## Image-text web data
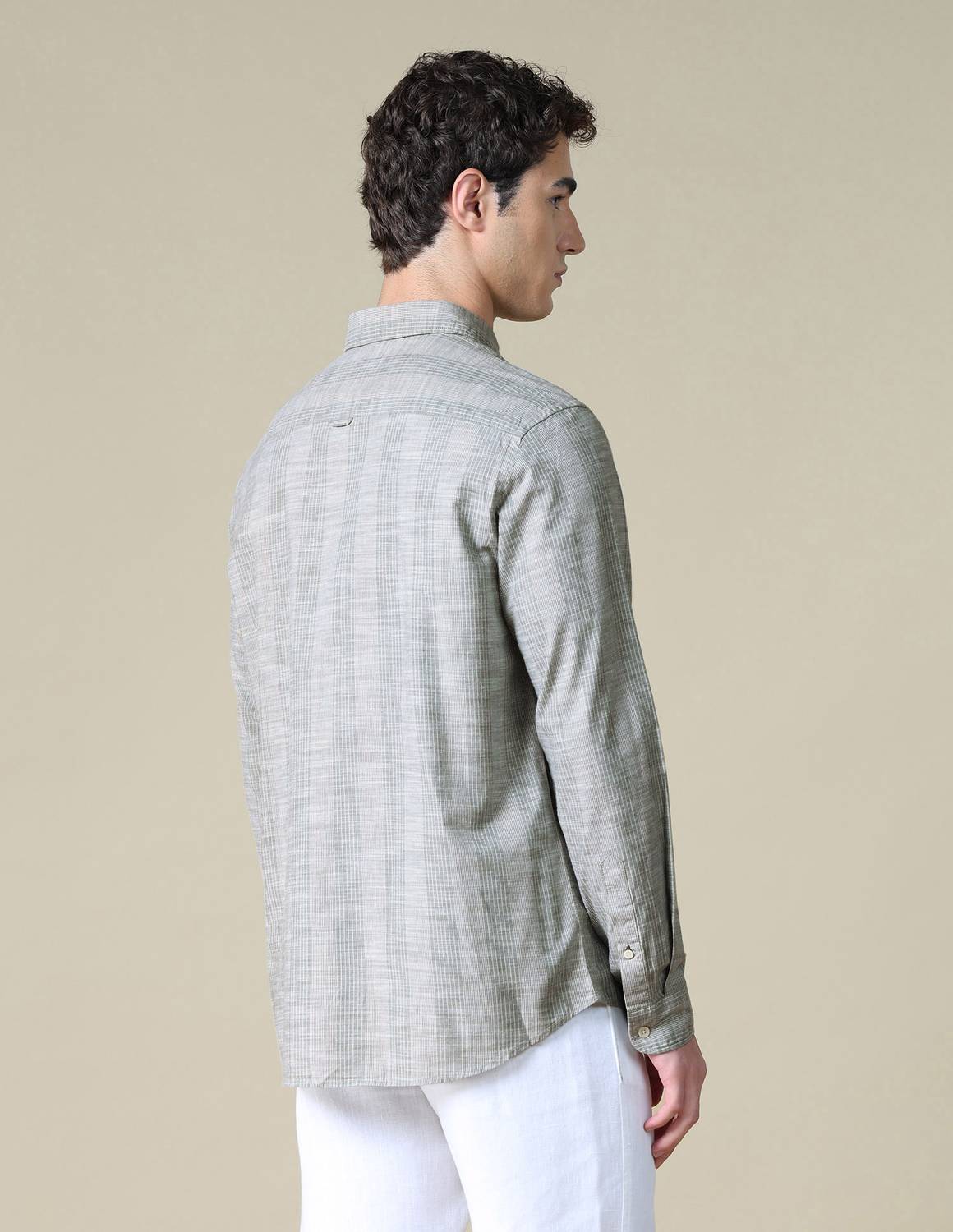 U.S. Polo Assn. Denim Co. Men Striped Casual Green Shirt - Image 3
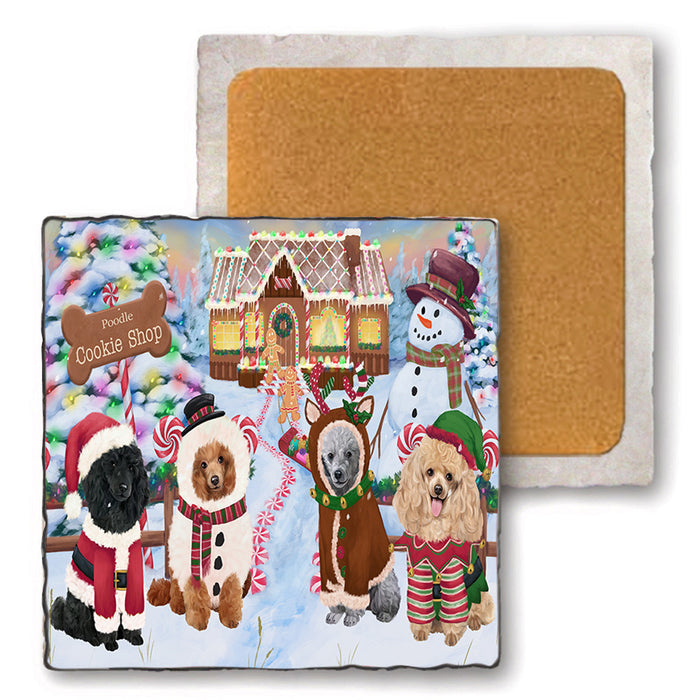 Holiday Gingerbread Cookie Shop Poodles Dog Set of 4 Natural Stone Marble Tile Coasters MCST51511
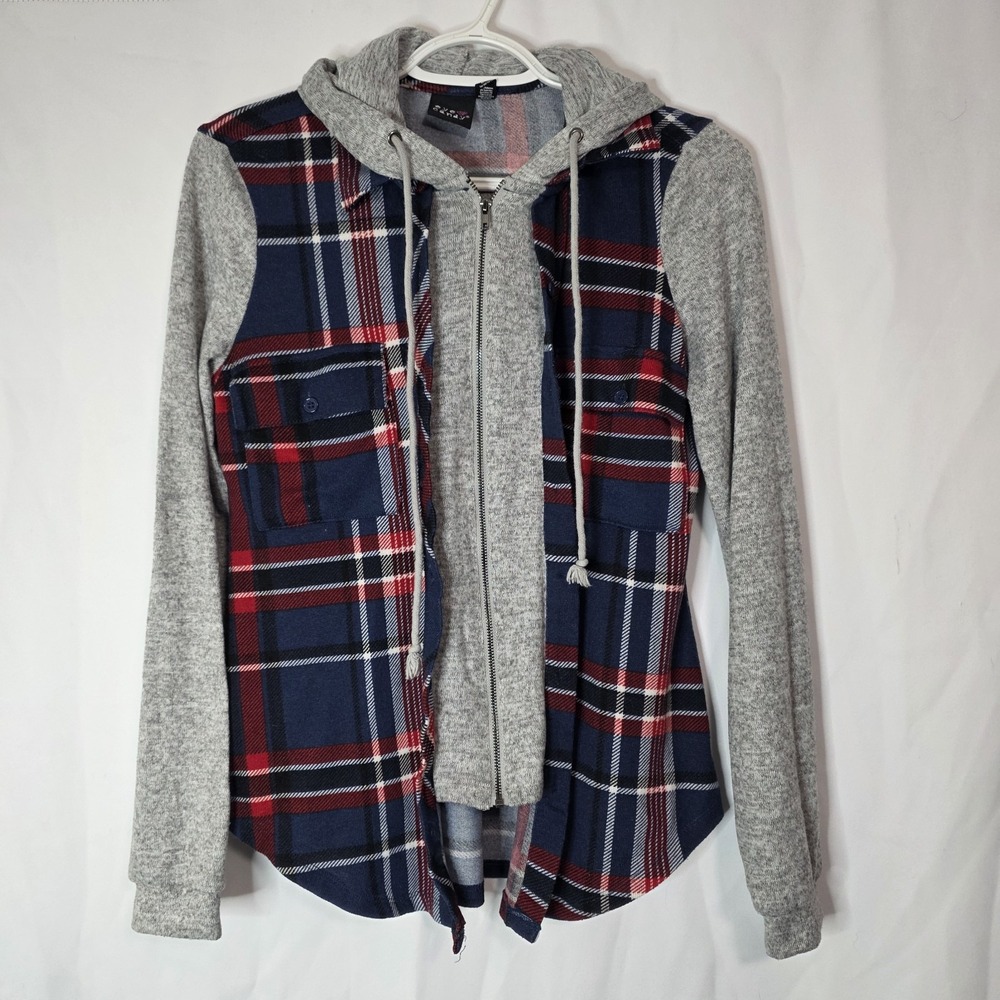 Eye Candy Plaid Hoodie Zip‎ Jacket Cozy Cabin Core Layered Flannel Look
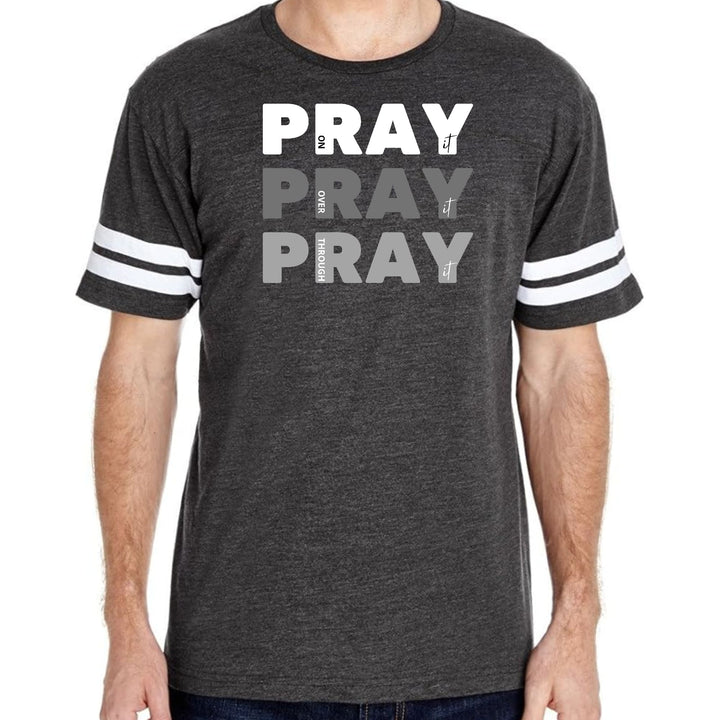 Mens Vintage Sport Graphic T-shirt Pray On It Over It Through - Mens | T-Shirts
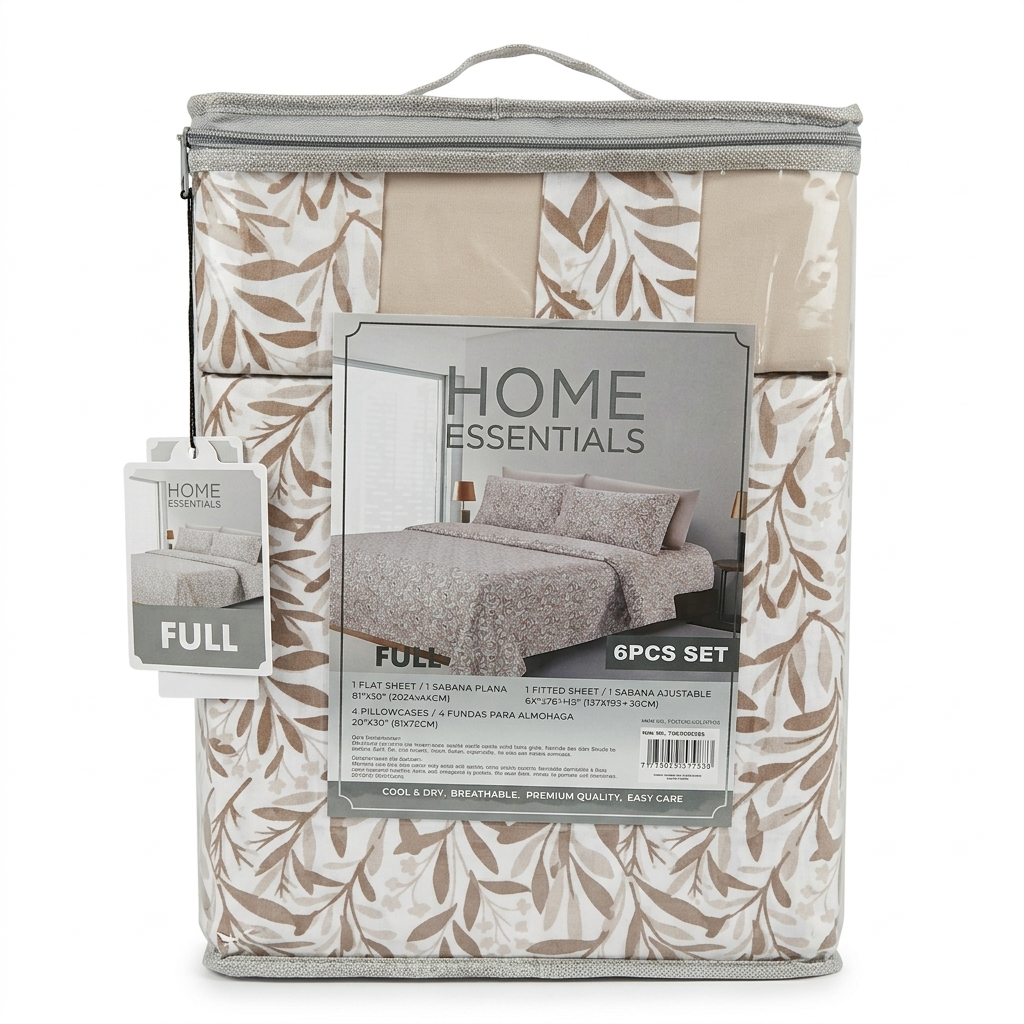 Bed Sheet Set Full 6 Piece Assorted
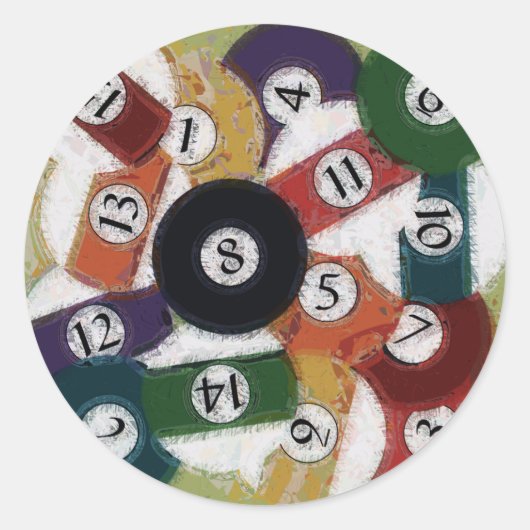 ぎらぎらしたビリヤードの玉 ラウンドシール (正面)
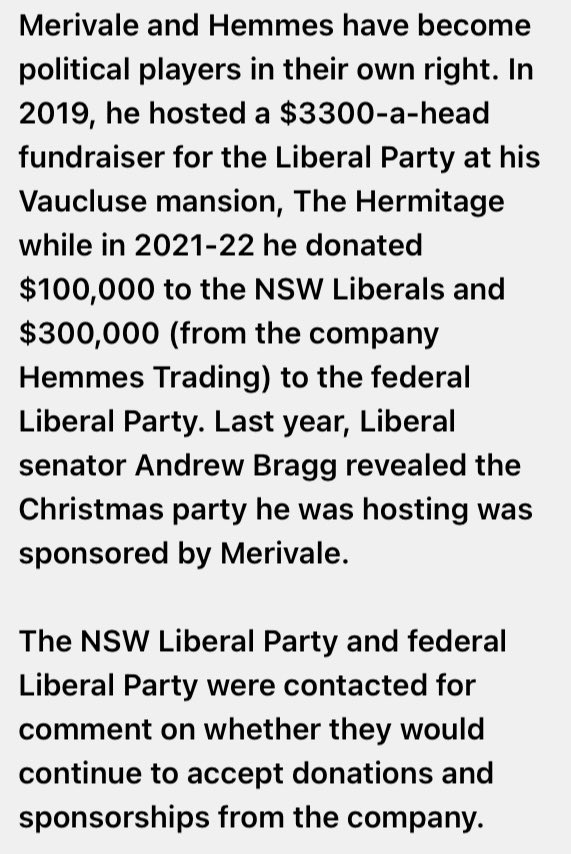 LyndaFrench19's tweet photo. #NSWLibs #nswpol is  #FlightUpgrades a #LNPDistraction from this? #LNPDirt
#PoliticalDonations
#JustinHemmes
#Hospitality giant #Merivale following claims of sexual harassment, exploitation and drug use #lobbyists

https://t.co/5AUNOpIHNH

https://t.co/qvfeJHXUb0 https://t.co/sG9zZK62jQ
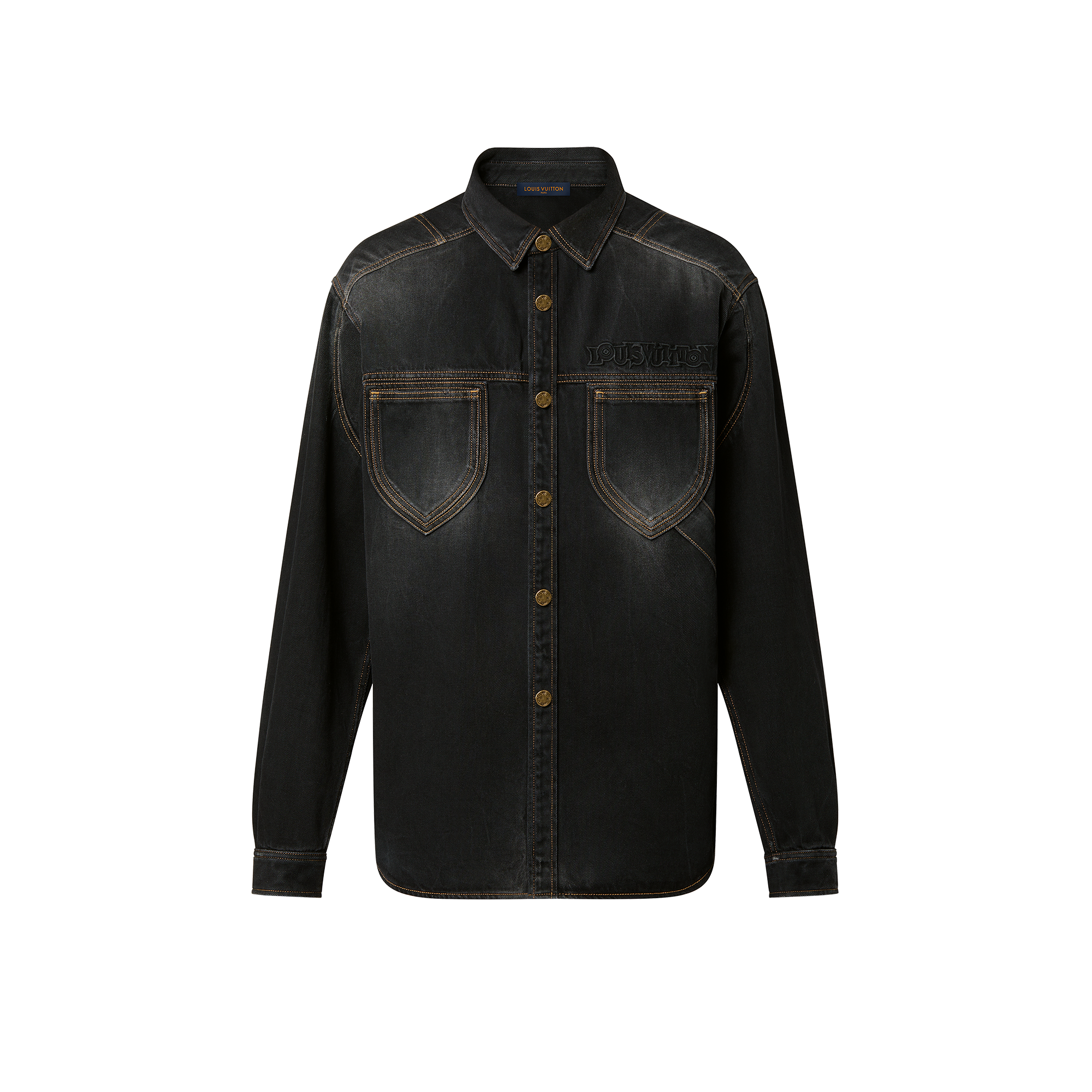 Denim shirt on sale with leather jacket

## WORK ORDER
Include the first line of the records, the line containing "ぎらぎらしたビリヤードの玉 ラウンドシール (正面)", and every line between them, repeated exactly. Skip the pictures.

## ANSWER BELOW
 U.S. Polo Assn. Denim Co. Men Striped Casual Green Shirt - Image 3
 Holiday Gingerbread Cookie Shop Poodles Dog Set of 4 Natural Stone Marble Tile Coasters MCST51511
 Eye Candy Plaid Hoodie Zip‎ Jacket Cozy Cabin Core Layered Flannel Look
 Mens Vintage Sport Graphic T-shirt Pray On It Over It Through - Mens | T-Shirts
 Bed Sheet Set Full 6 Piece Assorted
 ぎらぎらしたビリヤードの玉 ラウンドシール (正面)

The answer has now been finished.